Barry Ritholtz has a post today about Elon Musk, referencing another post. It seems that the business activities of Musk have been identified as rent-seeking, to small and large degrees. The original author finds it upsetting that Musk’s enthusiastic backers identify him as a visionary of new technologies while in fact he is often a rent seeker (while citing Rockefeller as a more postive example of a visionary??? Maybe visionary in monopoly building). Ritholtz finds this thought provoking.
Why can’t he be both? If he is primarily a capitalist, then surely he recognizes that the largest rewards are currently being accumulated by rent seekers. But if he is also a visionary, then he can produce to his vision, too.

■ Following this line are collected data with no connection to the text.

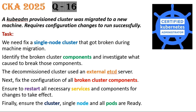Finally we need to make sure the cluster and the single node and all the pods are up and running. That means it is ready. This is a little bit tricky because I don't have any external etcd server to be configured, but let us solve a similar kind of scenario.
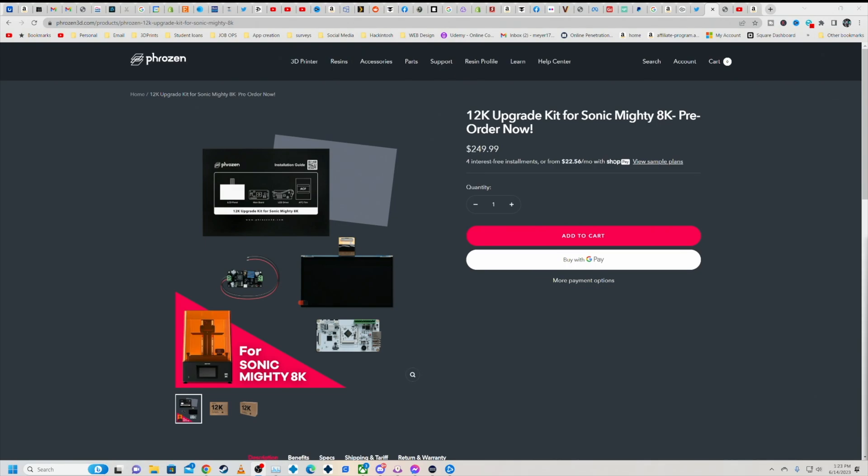Hello everybody and this is an impromptu video this week because I wanted to show you this. The specific thing from Phrozen that I love this company for and the innovation that they're willing to do. So 12K is here.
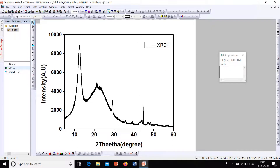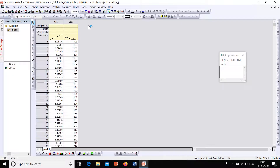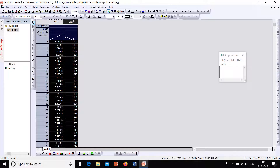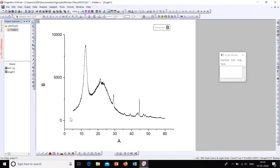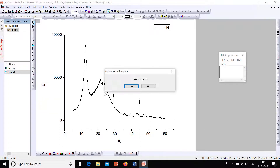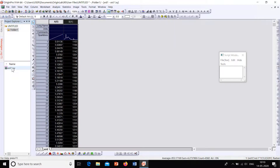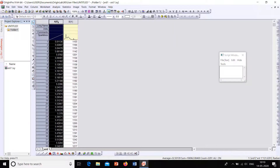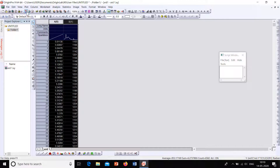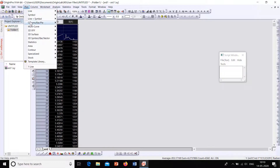Let's test this. Delete the current graph and I'll show you what happens without using the template. Select the data and plot — it will be the ordinary unformatted XRD that we saw earlier.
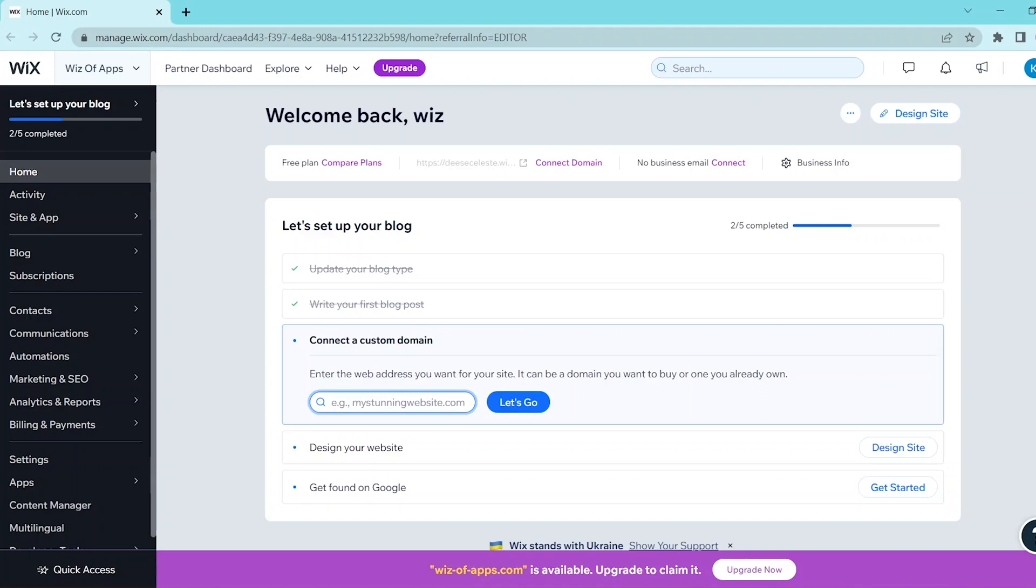In this video, I'm going to be showing you how to recover a deleted website on Wix.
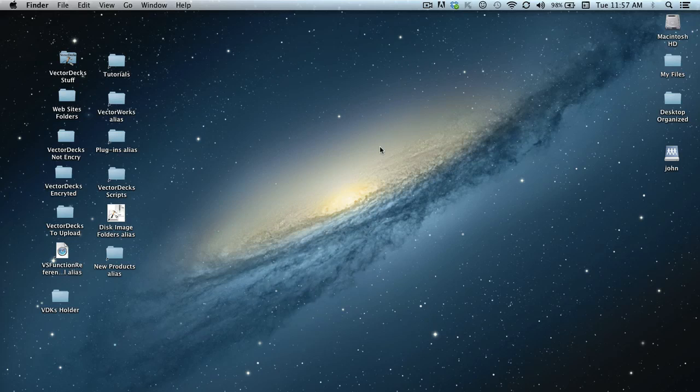Hi, this is John again, the owner and developer of Vectordex. In this tutorial, I'm going to show you how to install the Vectordex tool sets into Mac OS Snow Leopard operating system.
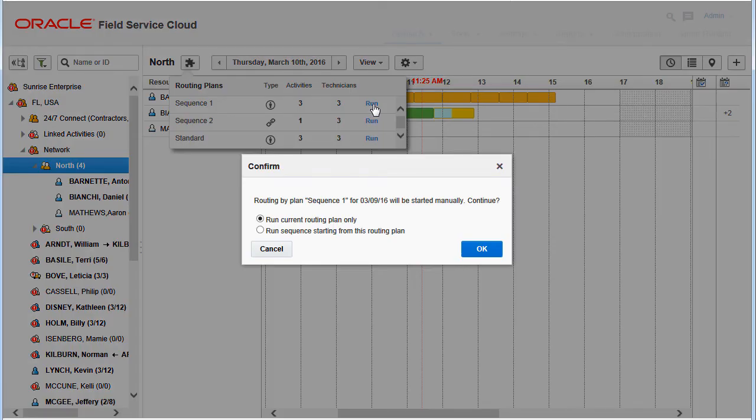If the user chooses to run only the current routing plan, it is executed as any other routing plan.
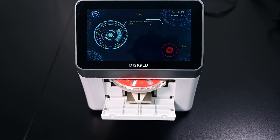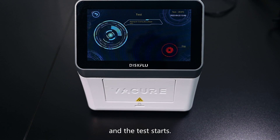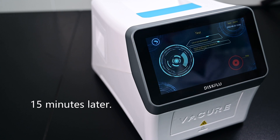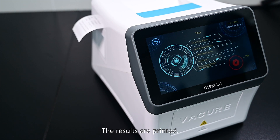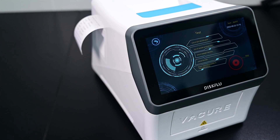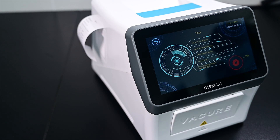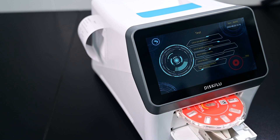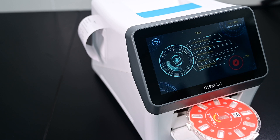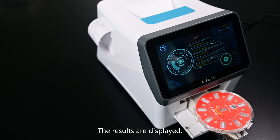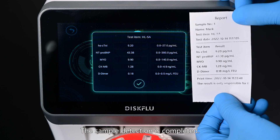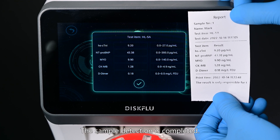The tray enters and the test starts. The results are printed. The tray pops out. The results are displayed. The sample detection is completed.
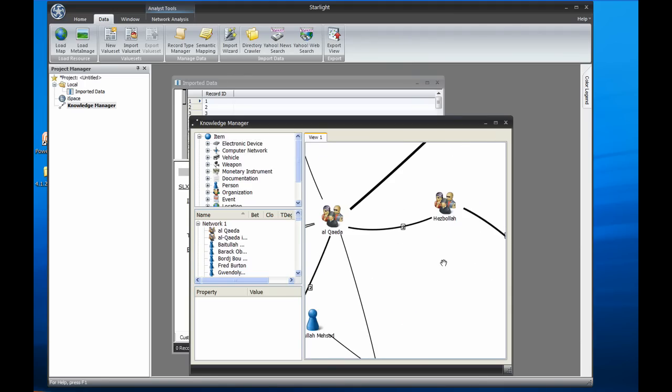What Starlight has done is taken all the extracted entities and relationships and automatically built a link chart from them, which I can now begin to analyze in more detail.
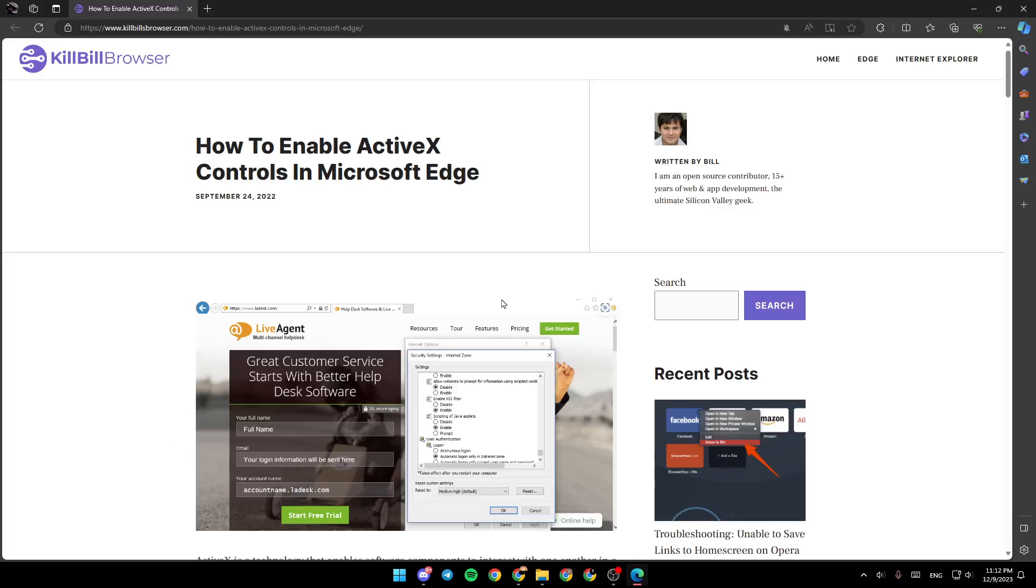Hello everyone, and welcome back to a new video. In this video, I'm going to show you guys how to enable ActiveX on Microsoft Edge. So if you guys want to learn how to do it, just follow the steps that I'm going to show you.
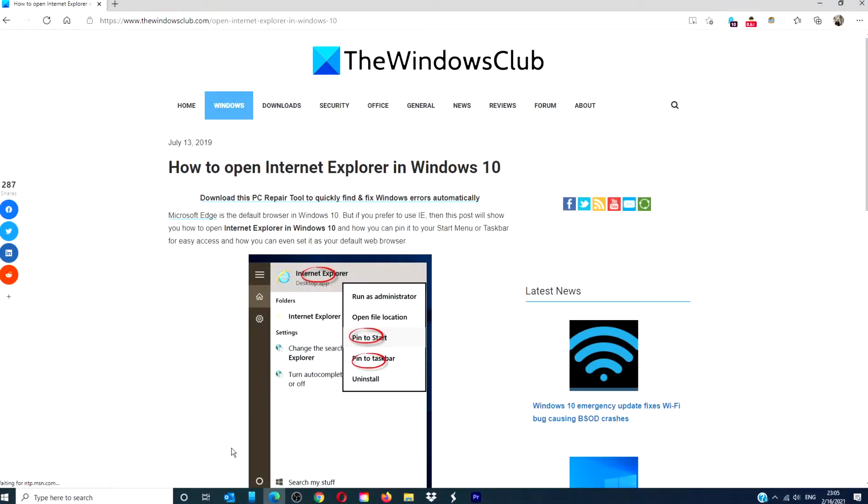Hello Windows Universe! In this video, we will take a blast to the past and talk about how to open Internet Explorer in Windows 10. For a more in-depth look at the topic, be sure to check out the article in the description down below.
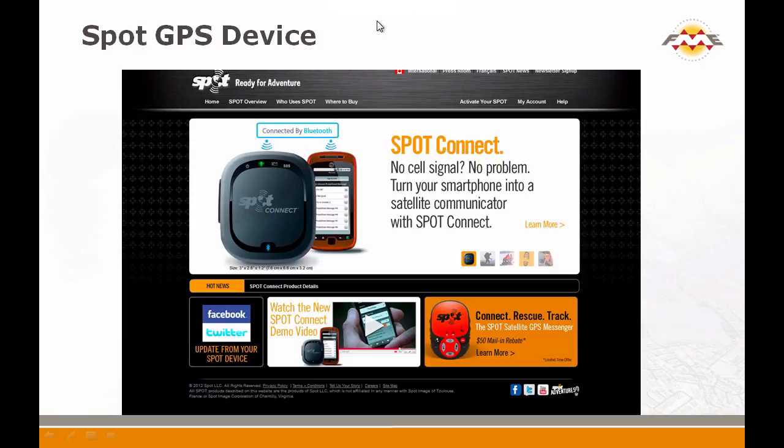Okay, this next demo I'm going to show how to use FME server to pull data from a different device. This is the common Spot GPS device. It's popular with people who go to the backcountry as a nice personal device and way to collect your information.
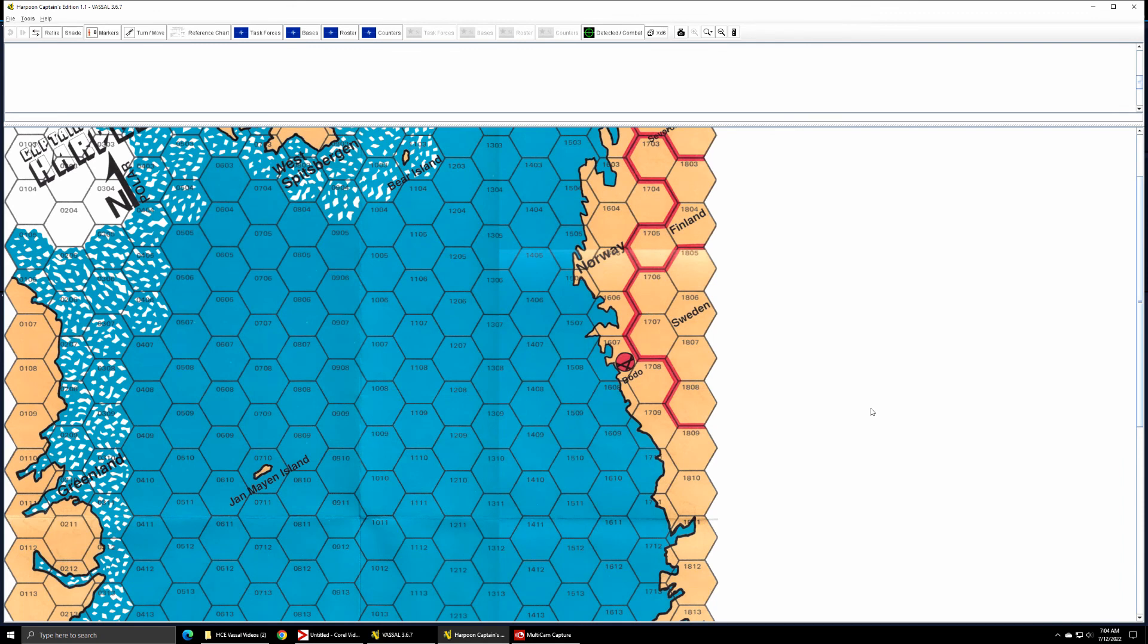Hello, welcome to this video on Harpoon Captain's Edition Vassal module. This time we're going to be taking a look at how to play Harpoon Captain's Edition using this module in a head-to-head situation.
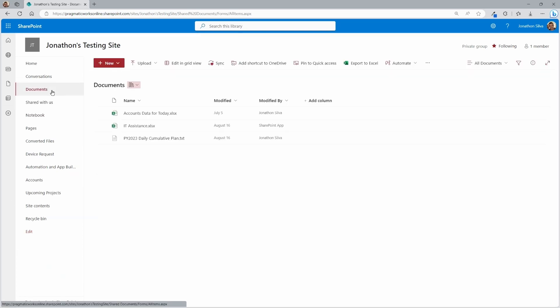I can see I have a few documents. But what I'd really like in here is to be able to get some type of notification, some type of alert every single time a new document is added to this library. And I want that all built here inside of SharePoint.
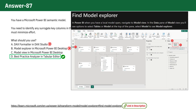C. Model View in Microsoft Power BI Desktop. Similar to the Model Explorer, the Model View allows you to manually examine the model. However, it lacks the automated best practice checks offered by the Best Practice Analyzer. As a result, identifying issues with summarization settings would require more manual effort, making this option less ideal.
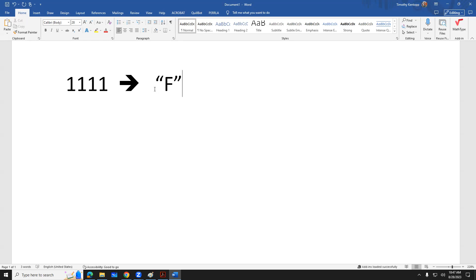In hexadecimal we have the ones place, the sixteens place, two-fifty-six place, four-thousand-ninety-six place — just like we had ones, tens, hundreds, thousands. Within the hexadecimal number system we have the capacity to represent huge amounts of devices.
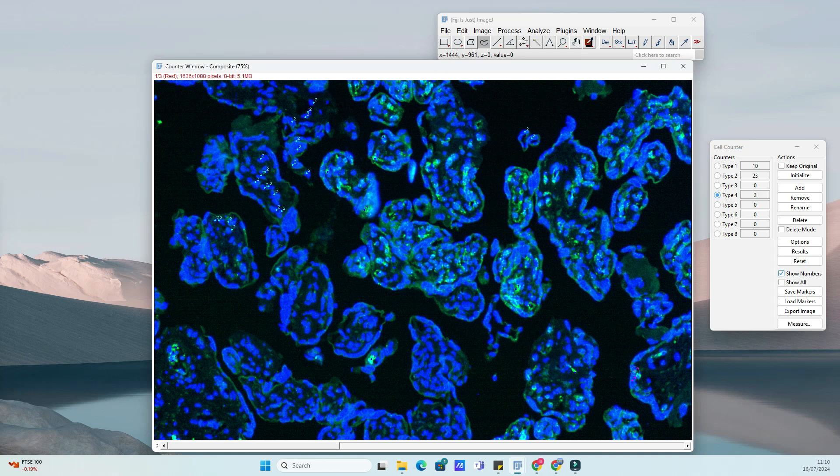Made a mistake? No worries. The plugin supports Undo and Redo functionalities, ensuring accurate counts without the hassle.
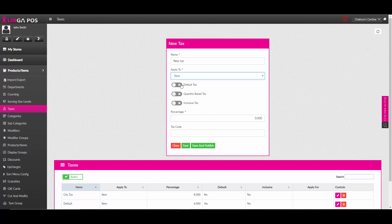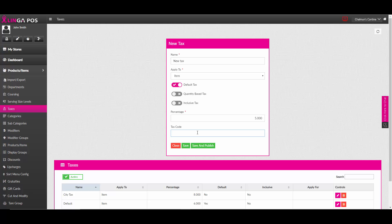You can make the default tax, or a quantity-based tax, and an inclusive tax. Set the percentage here, and the tax code if you have one.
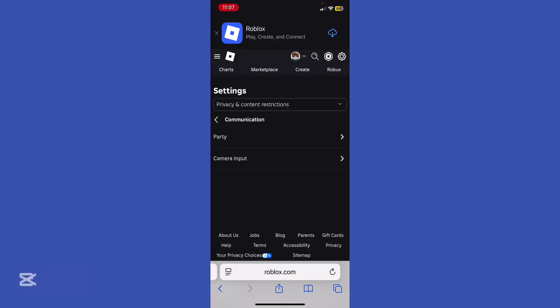You will then automatically qualify for the blue checkmark next to your username when Roblox expands verify badges platform-wide.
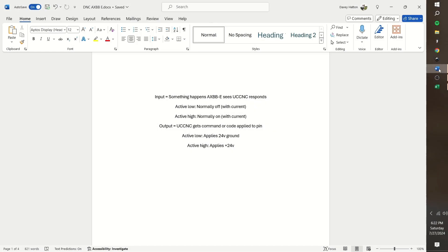I'm remaking this video so it has better voice-over audio quality. UCCNC has inputs and outputs, an active high or active low for each. It can be a little confusing what the function of each is.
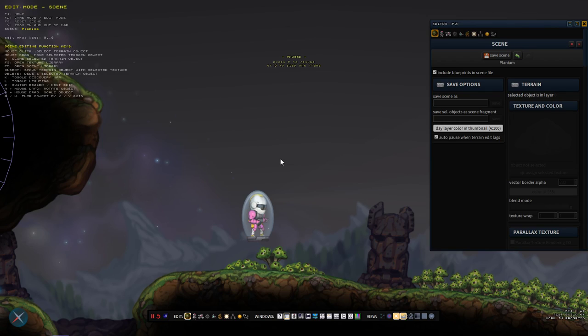Hi, this is Max and this is going to be a short tutorial on scripting in Planetoid Pioneers.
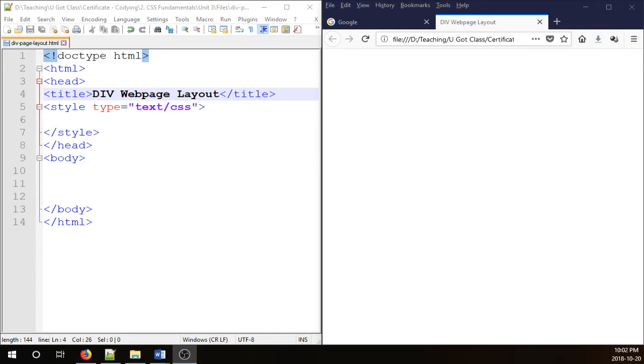Hello everyone, in this video I'm going to show you how to layout web pages using div elements in HTML and CSS.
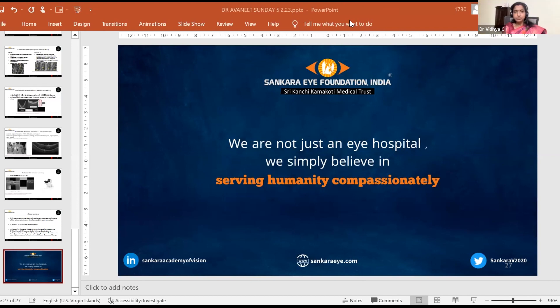A further question asked where UBM would be used compared to anterior segment OCT, and how the two differ. The presenter noted that when media opacities are present and light cannot pass through, UBM is preferred. The panel added that ASOCT has less depth penetration, and when you need to visualize structures behind the iris such as the ciliary body, UBM is the preferred modality over ASOCT.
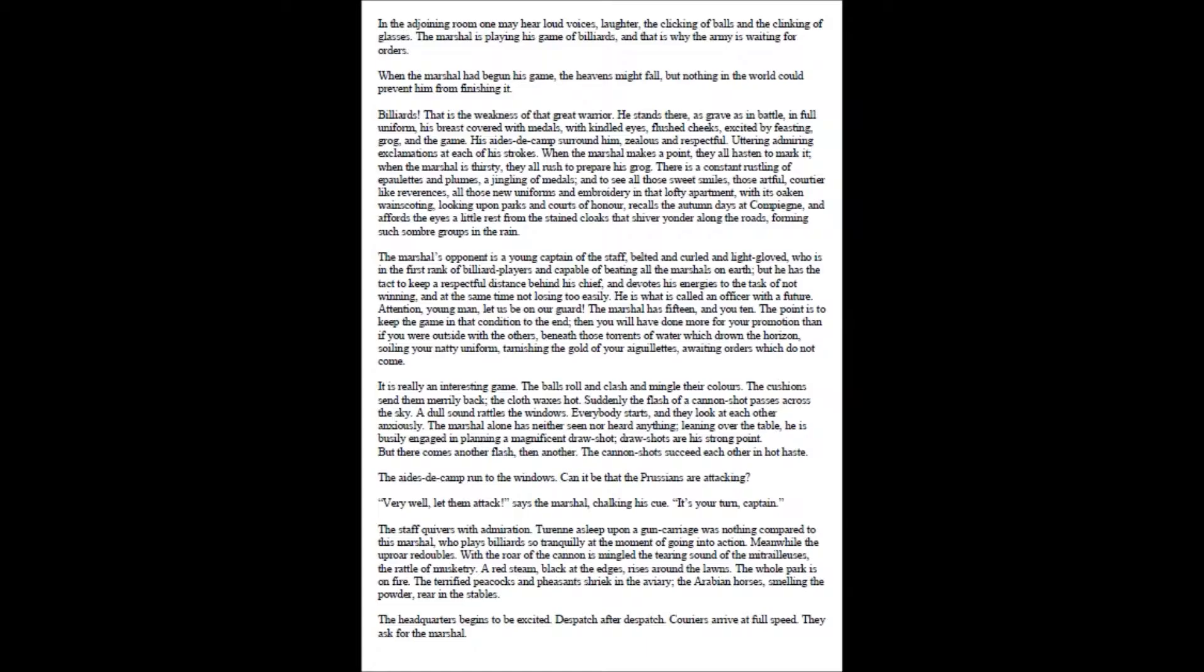It is really an interesting game. The balls roll and clash and mingle their colours. The cushions send them merrily back, the cloth waxes hot. Suddenly the flash of a cannon shot passes across the sky. A dull sound rattles the windows. Everybody starts, and they look at each other anxiously. The marshal alone has neither seen nor heard anything; leaning over the table, he is busily engaged in planning a magnificent draw shot. Draw shots are his strong point.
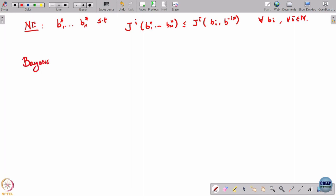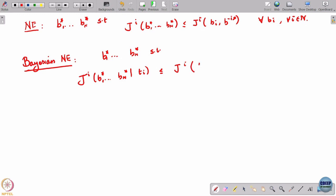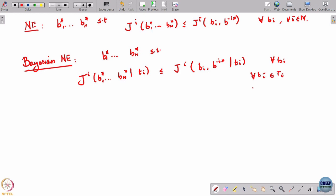A Bayesian Nash equilibrium is b1* to bn* such that Ji of b1* to bn* given ti is less than or equal to Ji of bi comma b-minus-i* given ti, for all bi and for all types ti in Ti and for all players i.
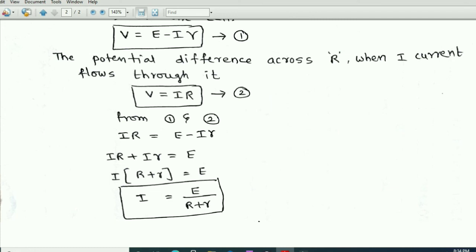We want to obtain the expression for electric current. So electric current I equals E divided by (capital R plus small r). This is the expression for electric current passing through the resistor when it is connected to the cell. This is the end of this video.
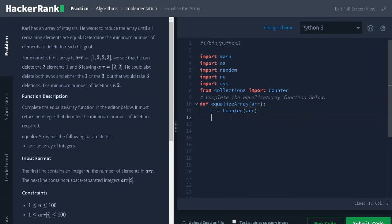Counter module will create a dictionary with the key as the elements in the array and the value as the count of the elements.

Barry, go down the hall and ask Josh Brown if he is an insightful writer on the financial world as he sees it, or is he just trying to get as many clicks and page views as possible? I mean, this is a guy who writes truly wonderful posts on optimism as a basis for financial planning, and then tweets photos of Kim Kardashian. I don’t see these things as mutually exclusive. (just annoying).
I guess as much as I hate rent seeking, I can’t blame someone who does it. Especially if he is already working in a field where it is endemic. Really, today, it is nearly impossible to compete against rent seekers without participating in it yourself to some degree. The blame falls on those who make rent seeking possible.
For instance, here in Erie, PA, we have a development in the beginning stages for a hotel by the lakefront. All private. Then last week, the county council voted to approve a loan guarantee for a hotel project right next to that one, which will be owned by the Erie County Convention Center Authority. So they can get cheaper loans. Oh, and it will be off the tax rolls.
People aren’t either heroic visionaries or immoral rent seekers. They’re just people. So they can be both.